I say this with a heavy heart. It is not easy for an Israeli to encourage the world to ratify a unilateral Palestinian solution. But after nearly 20 years of trying, it should be clear that neither the Israeli nor the Palestinian leadership is capable of agreeing on a negotiated two-state solution. The current Netanyahu government in Israel, with its heavy right-wing bias and its focus on creating unilateral Israeli "facts on the ground", is almost certainly not a candidate for working productively with the Palestinians toward an independent Palestinian state. Perhaps most important, in view of growing frustration with the failure of negotiations, the Fayyad plan is the best non-negotiated solution we Israelis could conceivably ask for.
Fayyad’s effort is the first Palestinian state-building success since the Oslo process began in 1993. For the first time, Palestinians are delivering on security, the creation of governing institutions and the systematic suppression of corruption. It is now clear that such an effort was impossible under the rule of the late Yasser Arafat, where violence was endemic and billions in aid funds went down the drain. It is also clear that Fayyad’s effort is possible, despite the constraint of Israel’s ongoing settlement-building, thanks to the cooperation of the Israeli security establishment and broad international financial and technical-professional support.
Fayyad, who has little or no grassroots political support, is clearly dependent on the backing of President Mahmoud Abbas to maintain the momentum of his efforts. We can only hope that the vicissitudes of Palestinian politics do not undermine them in the year-and-a-half remaining for the Fayyad plan to run its course. It is also critical that during this time Fayyad clarify for us what he intends to do with his unilateral state structure. Until recently he declared that, in the absence of Israeli-Palestinian agreement on a two-state solution by August 2011, the Palestinians would ask the United Nations Security Council to recognize the new state. But at the Herzliya Conference in Israel a little over a month ago, he told an Israeli and international audience that the fait accompli of a Palestinian state in the summer of 2011 would serve merely to pressure the parties to reach agreement.
Frankly, I prefer the first option of Security Council recognition. The second option is likely to prove as useless as all previous efforts to persuade the parties to make the necessary negotiating concessions. We saw with Abbas’ rejection of PM Ehud Olmert’s extraordinary 2008 peace offer that the Palestinian president is incapable of bending on the core issues. As for Netanyahu, his commitment to a two-state solution is belied by the coalition company he keeps and–even when he’s more careful about the timing so as not to embarrass visiting American dignitaries–the settlements he builds. Meanwhile, time and international patience are running out.

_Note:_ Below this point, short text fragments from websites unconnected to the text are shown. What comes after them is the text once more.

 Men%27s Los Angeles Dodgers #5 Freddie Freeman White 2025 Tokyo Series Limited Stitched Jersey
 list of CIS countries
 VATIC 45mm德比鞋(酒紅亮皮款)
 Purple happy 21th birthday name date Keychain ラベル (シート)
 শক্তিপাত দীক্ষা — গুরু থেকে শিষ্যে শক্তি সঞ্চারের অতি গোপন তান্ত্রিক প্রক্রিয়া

Here’s what the option of Security Council recognition of Fayyad’s emerging creation appears to offer Israel: a Palestinian state within the 1967 borders, partially occupied by Israel. De facto, the new state does not control most of its territory; it exercises no control at all in the Gaza Strip. Israel is confronted by the entire international community with the demand to negotiate a phased, orderly withdrawal to the 1967 lines or equivalent borders–something recent Israeli governments have in any case agreed to do. It has to make space for a Palestinian capital in Jerusalem–a sine qua non for any viable agreement. It can condition its withdrawal on the implementation of reasonable security arrangements.
But Israel does not have to confront unacceptable Palestinian demands regarding the right of return and the Temple Mount and Holy Basin in Jerusalem in order for this Palestinian state to come into existence. Those issues are no longer preconditions; they will remain in contention–but between Israel and a sovereign Palestinian state that has to behave very differently from a liberation movement. Nor will Israel be held responsible for the divide between the new state in the West Bank and the land it claims from Hamas-ruled Gaza. Whether there are one or two Palestinian states becomes Palestinian business.
Make no mistake: the emergence of an internationally recognized Palestinian state in the West Bank will not officially end the conflict in the sense of resolving all claims. But it could create an entirely new and far more stable two-state reality based on Palestinian efforts, Israeli readiness to negotiate the territorial issue based on the 1967 border–but only the territorial issue–and international recognition.
True, international recognition of the Fayyad plan effectively ends the Oslo accords, which require that neither side take such unilateral measures. A truly irresponsible Israeli government could respond by annexing those areas of the West Bank, some 60 percent, that lie beyond the autonomy borders. That’s why it behooves the international community to embrace this issue now and point out to Netanyahu that this is the best deal he will ever get.